Deputy Defense Secretary Gordon England dons a Santa hat Nov. 29, 2007, to remind managers at the Defense Department Manager’s Internal Control Program and Check-It Campaign Conference at Fort McNair, Washington, D.C., to check their lists twice to enforce internal controls within the department. Photo by Petty Officer 2nd Class Molly A. Burgess, USN
(Click photo for screen-resolution image);high-resolution image available.
Internal controls are critical as DoD manages a budget of more than $500 billion, not including war costs, England told attendees at the Manager’s Internal Control Program and Check-It Campaign Conference at Fort McNair here.
The way the department enforces its internal controls has a direct impact on the men and women in uniform defending the United States and its friends and allies, England said. “We are the people behind the lines, and we make it possible for our men and women who serve on the front lines … to do their jobs. They count on us every single day. They count on us doing this job, and they count on us doing it right.
“And we know that we do it right when we check it every day,” he said.
England pointed to DoD’s “Check-It” program, which he kicked off in July 2006, as a key to that goal. The campaign aims to remind everyone throughout DoD of the importance of their jobs to the overall mission and of double-checking themselves to make sure they’re doing them right and not cutting corners.

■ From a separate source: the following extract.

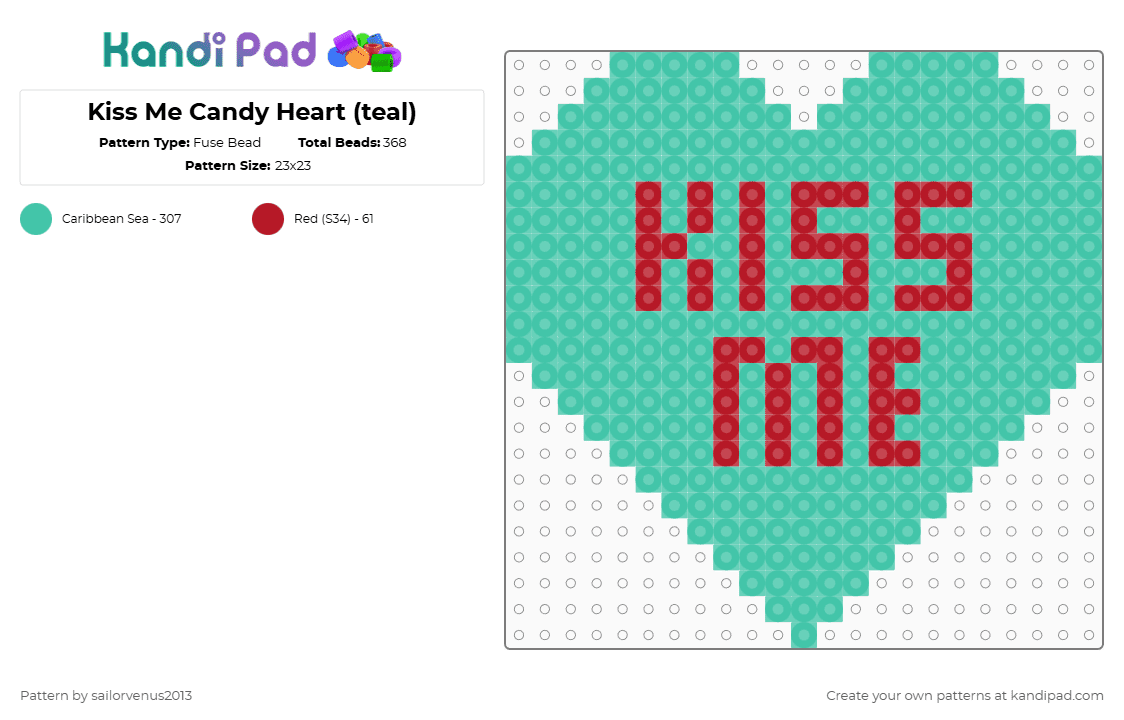 Kiss Me Candy Heart (teal) - Fuse Bead Pattern by sailorvenus2013 on Kandi Pad - teal,heart,valentines day,holiday,love,candy,food,holidays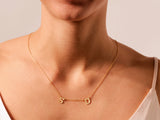 Double Initial Necklace in 14k Solid Gold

“If you check things, then what should happen will happen,” England said in introducing the program. “It’s what we want to do every day in the jobs we do.”
That has big implications for the military, where “getting it right” is the only real option, he said.
Tina Jonas, DoD’s comptroller, said the Check It program is paying off through greater return on investments, hundreds of millions of dollars in savings and governmentwide recognition of the department’s accomplishments. “You are the ones who are making it happen,” she told the managers.
She noted an 84 percent reduction in self-identified internal control weaknesses since 2001 – from 116 to 19 today. “That’s progress,” she said.
Jonas also pointed to other measures of this forward momentum. She noted that in 2001, only two DoD entities had achieved a clean audit opinion on their financial statements. By 2006, that number had increased to six. The department’s goal is to bring two-thirds of its entities to this standard by fiscal 2009, she said.
England thanked defense managers for the hard work that’s brought about this progress and challenged them to get the remaining 19 internal control weaknesses cleared up before he leaves office in 417 days. “I ask for your energy and support,” he said. “What you do is vitally important to the Department of Defense.”